En 1536, maître Clément s’était vu rappeler de son exil par François Ier, et, de retour à Paris, avait reçu de ce prince le plus aimable accueil. Dolet s’empressa d’en féliciter son ami, par la pièce de vers que l’on va lire:
«Assez longtemps la cruelle Fortune t’a fait servir de jouet à ses caprices: espère et prends courage. Le ciel n’est pas toujours assombri par les nuées, et l’on y voit reparaître enfin la lumière des beaux jours. Sur la mer profonde, ne pèse pas à jamais l’horrible nuit des tempêtes. Toi non plus, tu ne seras pas continuellement en proie aux morsures de l’envie, et condamné à ramper dans une longue indigence. Il te relèvera, pauvre opprimé, cet homme en qui nous voyons la bonté, la clémence même, le roi de France! Espère, te dis-je, espère. Il sait, d’une main riche en largesses, faire pleuvoir sur le mérite les biens et les honneurs. Avec un tel prince, peux-tu rien espérer, rien désirer en vain?»
Deux ans plus tard, c’est-à-dire en 1538, Marot chargea le savant typographe, à peine installé, de faire paraître une édition exacte et complète de ses œuvres. A cette occasion, il lui écrivit une espèce de lettre-préface où il l’appelle son cher amy Dolet. Cette lettre se retrouve dans les éditions de 1542 et 1543, in-8o, sorties également des presses de notre Estienne. Je vais en extraire les passages les plus intéressants:
«Clement Marot à Estienne Dolet, salut.
«Le tort que m’ont faict ceulx qui par cy-devant ont imprimé mes œuvres, est si grand et si outrageulx, cher amy Dolet, qu’il a touché mon honneur et mis en danger ma personne: car par avare convoytise de vendre plus cher et plus tost ce qui se vendoit assez, ont adjousté à ycelles miennes œuvres plusieurs aultres qui ne me sont rien; dont les unes sont froidement et de maulvaise grâce composées, mectant sur moy l’ignorance d’aultruy, et les aultres toutes pleines de scandale et sedition... Ce que je n’ay peu sçavoir et souffrir tout ensemble. Si ay-je jecté hors de mon livre, non-seulement les maulvaises, mais les bonnes choses qui ne sont à moy ne de moy, me contentant de celles que nostre muse nous produict... Et après avoir reveu le vieil et le nouveau, changé l’ordre du livre en mieulx, et corrigé mille sortes de faultes infinies procedantes de l’imprimerie, j’ay conclud t’envoïer le tout, affin que soubz le bel et ample privileige qui, pour ta vertu meritoyre, t’a esté octroyé du roy, tu le fasses (en faveur de nostre amytié) r’imprimer, non-seulement ainsy correct que je le t’envoie, mais encores mieulx: qui te sera facile, si tu y veulx mettre la diligence esgalle à ton sçavoir...»

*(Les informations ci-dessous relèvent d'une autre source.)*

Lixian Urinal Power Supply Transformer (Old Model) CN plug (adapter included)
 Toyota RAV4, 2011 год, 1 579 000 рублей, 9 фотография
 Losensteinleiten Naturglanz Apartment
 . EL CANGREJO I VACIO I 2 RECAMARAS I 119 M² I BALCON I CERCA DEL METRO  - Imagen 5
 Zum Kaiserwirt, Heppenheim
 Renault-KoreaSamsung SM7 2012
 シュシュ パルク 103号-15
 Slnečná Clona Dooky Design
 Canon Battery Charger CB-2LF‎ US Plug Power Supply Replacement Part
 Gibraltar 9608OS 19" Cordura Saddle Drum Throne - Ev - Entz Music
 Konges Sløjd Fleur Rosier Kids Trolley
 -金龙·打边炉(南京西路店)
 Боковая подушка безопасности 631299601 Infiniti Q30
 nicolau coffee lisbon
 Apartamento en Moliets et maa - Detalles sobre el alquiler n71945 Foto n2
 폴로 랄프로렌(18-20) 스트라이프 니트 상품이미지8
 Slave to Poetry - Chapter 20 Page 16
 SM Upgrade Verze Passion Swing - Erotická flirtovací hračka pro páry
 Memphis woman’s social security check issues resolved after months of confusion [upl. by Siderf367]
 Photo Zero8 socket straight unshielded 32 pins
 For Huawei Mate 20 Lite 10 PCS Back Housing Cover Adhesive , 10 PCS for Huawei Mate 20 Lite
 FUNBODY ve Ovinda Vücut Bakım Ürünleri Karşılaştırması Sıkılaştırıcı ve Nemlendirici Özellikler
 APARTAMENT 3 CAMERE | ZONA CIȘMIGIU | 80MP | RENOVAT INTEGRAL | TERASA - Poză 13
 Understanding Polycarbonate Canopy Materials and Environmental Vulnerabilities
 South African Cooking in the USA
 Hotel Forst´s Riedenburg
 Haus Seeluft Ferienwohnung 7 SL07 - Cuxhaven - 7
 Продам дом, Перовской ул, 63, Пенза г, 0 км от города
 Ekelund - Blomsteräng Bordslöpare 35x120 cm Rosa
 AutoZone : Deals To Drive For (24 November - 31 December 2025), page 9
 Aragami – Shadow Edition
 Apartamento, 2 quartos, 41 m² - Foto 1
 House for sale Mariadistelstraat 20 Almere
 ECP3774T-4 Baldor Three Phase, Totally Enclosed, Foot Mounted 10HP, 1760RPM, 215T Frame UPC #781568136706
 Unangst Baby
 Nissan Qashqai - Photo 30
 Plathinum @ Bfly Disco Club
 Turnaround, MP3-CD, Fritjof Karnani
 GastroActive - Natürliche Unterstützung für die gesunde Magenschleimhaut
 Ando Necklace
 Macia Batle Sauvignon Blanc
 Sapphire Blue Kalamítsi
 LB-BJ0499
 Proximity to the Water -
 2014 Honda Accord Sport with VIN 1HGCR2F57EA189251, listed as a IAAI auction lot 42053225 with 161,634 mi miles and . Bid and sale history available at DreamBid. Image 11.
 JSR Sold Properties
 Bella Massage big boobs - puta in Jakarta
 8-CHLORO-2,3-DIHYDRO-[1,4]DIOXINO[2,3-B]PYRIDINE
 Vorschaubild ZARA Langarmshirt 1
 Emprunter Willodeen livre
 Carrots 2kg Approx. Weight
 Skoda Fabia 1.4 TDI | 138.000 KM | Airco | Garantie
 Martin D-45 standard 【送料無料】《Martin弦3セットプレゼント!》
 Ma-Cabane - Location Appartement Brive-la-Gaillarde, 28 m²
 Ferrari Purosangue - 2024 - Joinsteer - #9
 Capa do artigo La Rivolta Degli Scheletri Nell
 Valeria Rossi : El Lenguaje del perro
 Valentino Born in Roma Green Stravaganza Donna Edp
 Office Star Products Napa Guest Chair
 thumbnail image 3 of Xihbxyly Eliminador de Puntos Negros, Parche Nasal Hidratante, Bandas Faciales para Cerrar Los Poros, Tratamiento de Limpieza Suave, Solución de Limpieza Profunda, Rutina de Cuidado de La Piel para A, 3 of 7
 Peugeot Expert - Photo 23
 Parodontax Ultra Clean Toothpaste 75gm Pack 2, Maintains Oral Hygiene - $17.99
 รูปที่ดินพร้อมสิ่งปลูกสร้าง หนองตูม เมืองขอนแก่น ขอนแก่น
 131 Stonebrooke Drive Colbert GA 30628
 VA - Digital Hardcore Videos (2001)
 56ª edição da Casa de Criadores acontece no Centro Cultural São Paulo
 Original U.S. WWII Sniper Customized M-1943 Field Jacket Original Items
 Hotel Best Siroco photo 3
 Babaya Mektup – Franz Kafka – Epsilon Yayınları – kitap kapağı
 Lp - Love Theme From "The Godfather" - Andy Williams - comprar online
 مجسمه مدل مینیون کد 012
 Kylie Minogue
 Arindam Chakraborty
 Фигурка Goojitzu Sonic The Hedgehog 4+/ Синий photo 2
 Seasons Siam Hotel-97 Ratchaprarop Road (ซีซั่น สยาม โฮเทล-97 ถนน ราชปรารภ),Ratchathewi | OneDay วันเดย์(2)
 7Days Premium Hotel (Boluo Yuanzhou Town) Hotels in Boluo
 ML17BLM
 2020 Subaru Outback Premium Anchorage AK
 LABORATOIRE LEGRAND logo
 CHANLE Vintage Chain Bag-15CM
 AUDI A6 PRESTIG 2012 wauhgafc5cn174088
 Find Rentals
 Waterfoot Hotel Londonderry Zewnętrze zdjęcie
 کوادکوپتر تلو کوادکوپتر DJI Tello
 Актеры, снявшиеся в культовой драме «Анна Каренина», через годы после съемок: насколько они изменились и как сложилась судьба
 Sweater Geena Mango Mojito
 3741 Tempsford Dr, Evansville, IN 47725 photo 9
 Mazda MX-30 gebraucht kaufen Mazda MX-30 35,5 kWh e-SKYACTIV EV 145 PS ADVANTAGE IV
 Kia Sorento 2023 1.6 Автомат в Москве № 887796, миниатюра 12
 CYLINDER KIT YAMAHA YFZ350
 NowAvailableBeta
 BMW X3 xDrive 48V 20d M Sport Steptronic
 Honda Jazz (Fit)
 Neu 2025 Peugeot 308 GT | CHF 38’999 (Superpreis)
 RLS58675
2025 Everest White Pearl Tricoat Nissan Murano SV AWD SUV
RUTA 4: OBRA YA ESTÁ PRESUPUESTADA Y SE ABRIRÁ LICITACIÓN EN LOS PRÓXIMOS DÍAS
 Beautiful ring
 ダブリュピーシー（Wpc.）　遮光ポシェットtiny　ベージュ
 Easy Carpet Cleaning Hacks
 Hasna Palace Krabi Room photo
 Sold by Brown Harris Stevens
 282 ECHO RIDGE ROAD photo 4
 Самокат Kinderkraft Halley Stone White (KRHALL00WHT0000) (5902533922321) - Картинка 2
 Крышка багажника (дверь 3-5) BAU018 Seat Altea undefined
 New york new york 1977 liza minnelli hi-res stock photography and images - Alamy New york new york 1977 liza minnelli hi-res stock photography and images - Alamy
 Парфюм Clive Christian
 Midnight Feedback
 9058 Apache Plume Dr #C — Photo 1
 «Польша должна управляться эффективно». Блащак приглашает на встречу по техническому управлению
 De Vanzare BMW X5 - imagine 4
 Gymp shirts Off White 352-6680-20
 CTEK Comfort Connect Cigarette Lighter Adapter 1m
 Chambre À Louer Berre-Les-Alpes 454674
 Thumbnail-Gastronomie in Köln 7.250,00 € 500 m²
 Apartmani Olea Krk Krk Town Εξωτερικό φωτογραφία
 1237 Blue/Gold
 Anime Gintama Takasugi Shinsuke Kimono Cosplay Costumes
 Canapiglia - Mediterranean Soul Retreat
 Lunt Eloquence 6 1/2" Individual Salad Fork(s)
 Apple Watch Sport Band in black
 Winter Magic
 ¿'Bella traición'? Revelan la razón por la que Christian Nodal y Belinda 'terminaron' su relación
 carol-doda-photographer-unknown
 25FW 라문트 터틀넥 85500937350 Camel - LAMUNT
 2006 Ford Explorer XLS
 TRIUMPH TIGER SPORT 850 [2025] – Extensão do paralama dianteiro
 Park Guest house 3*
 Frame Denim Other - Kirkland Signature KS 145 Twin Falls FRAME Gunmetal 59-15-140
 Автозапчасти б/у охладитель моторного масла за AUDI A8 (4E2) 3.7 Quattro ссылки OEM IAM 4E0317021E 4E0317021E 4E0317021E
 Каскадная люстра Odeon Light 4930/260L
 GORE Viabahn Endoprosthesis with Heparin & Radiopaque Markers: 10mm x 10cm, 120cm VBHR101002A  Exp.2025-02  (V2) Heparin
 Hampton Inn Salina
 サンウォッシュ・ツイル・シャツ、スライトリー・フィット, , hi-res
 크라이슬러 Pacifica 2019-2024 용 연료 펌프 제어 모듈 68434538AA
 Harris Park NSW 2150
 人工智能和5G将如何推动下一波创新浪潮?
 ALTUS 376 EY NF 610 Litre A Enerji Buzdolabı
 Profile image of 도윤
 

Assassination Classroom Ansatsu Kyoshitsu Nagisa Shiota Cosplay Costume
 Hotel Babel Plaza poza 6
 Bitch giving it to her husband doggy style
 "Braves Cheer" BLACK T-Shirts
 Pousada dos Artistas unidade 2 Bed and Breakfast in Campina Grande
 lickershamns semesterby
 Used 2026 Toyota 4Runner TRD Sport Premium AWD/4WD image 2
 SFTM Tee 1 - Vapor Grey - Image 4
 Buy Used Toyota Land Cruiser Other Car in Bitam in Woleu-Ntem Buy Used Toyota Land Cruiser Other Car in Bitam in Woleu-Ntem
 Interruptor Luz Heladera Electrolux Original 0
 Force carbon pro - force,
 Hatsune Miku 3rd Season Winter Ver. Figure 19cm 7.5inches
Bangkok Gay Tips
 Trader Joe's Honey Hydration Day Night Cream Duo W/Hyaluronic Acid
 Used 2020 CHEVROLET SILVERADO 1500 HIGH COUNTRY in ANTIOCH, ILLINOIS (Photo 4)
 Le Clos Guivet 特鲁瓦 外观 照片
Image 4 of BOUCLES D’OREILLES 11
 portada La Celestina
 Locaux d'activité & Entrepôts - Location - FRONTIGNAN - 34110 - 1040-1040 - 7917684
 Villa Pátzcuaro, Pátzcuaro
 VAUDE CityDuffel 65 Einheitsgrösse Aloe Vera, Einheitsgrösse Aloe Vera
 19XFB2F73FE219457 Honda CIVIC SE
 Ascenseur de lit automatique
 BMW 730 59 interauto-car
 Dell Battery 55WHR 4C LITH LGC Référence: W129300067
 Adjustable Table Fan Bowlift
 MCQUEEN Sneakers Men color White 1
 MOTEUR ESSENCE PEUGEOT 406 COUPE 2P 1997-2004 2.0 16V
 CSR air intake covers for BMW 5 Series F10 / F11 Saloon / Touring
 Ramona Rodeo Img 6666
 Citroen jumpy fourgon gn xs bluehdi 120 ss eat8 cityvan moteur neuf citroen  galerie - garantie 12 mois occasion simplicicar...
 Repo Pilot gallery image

Il donne ensuite cet avis aux lecteurs debonnaires:
«De tous les livres qui, par cy-devant, ont esté imprimés soubz mon nom, j’advoue ceux-ci pour les meilleurs, plus amples et mieulx ordonnés; et desadvoue les aultres comme bastards ou comme enfantz gastés. Escript à Lyon, ce dernier jour de juillet, l’an mil cinq centz trente et huict.»
Jusque alors, comme vous voyez, tout allait bien entre Marot et Dolet; des deux parts, on faisait assaut de compliments. Cette même année 1538, les Commentaires du second avaient reçu du premier, aussitôt après leur apparition, l’accueil de fête, le bouquet flatteur que voici:
Plus tard, les deux intimes se brouillèrent à mort; j’ignore à quel sujet, mais ce fut probablement au milieu ou vers la fin de l’année 1543: car Dolet, qui publia cette année, comme je l’ai dit tout à l’heure, une édition in-8o des œuvres de Marot, y parle encore de celui-ci dans les termes les plus affectueux.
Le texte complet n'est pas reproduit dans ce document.